_Data segment_:
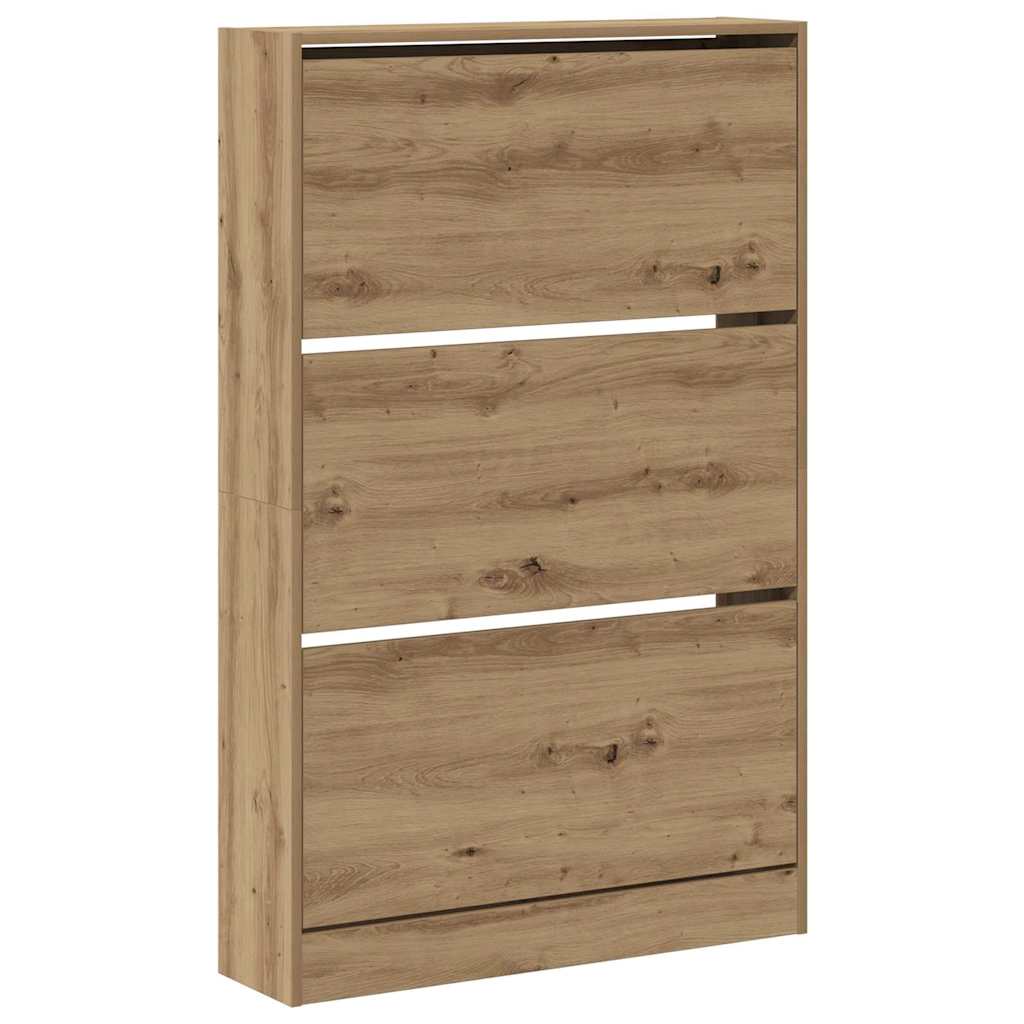 Schuhschrank mit Speicher Eiche handwerklich 80 x 21 x 125.5 cm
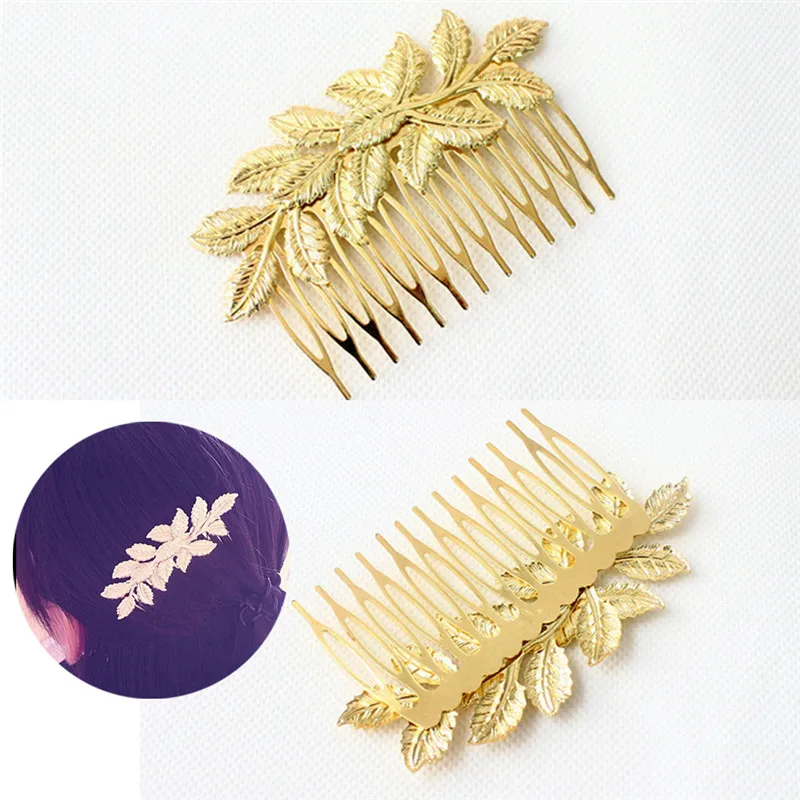 Gold Leaf Bridal Hair Combs Plastic Quality Accessories For Women Girls Wedding Bijoux Hair Jewelry Hot Sale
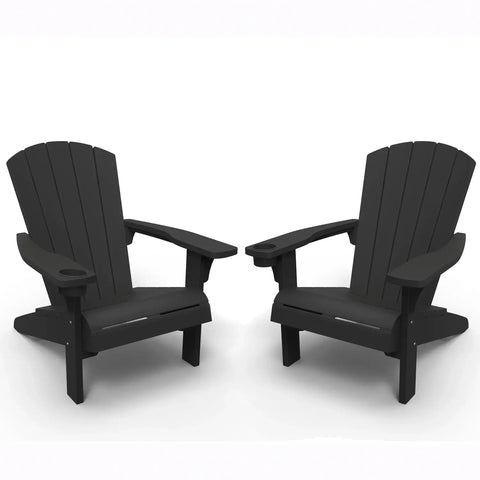 Two graphite Adirondack chairs on a white background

_What you will do_:
Exactly the lines from the one containing "Gold Leaf Bridal" through the end of the data above: repeat those, both ends included, and nothing else. Skip the pictures.

_Finished exercise_:
 Gold Leaf Bridal Hair Combs Plastic Quality Accessories For Women Girls Wedding Bijoux Hair Jewelry Hot Sale
 Two graphite Adirondack chairs on a white background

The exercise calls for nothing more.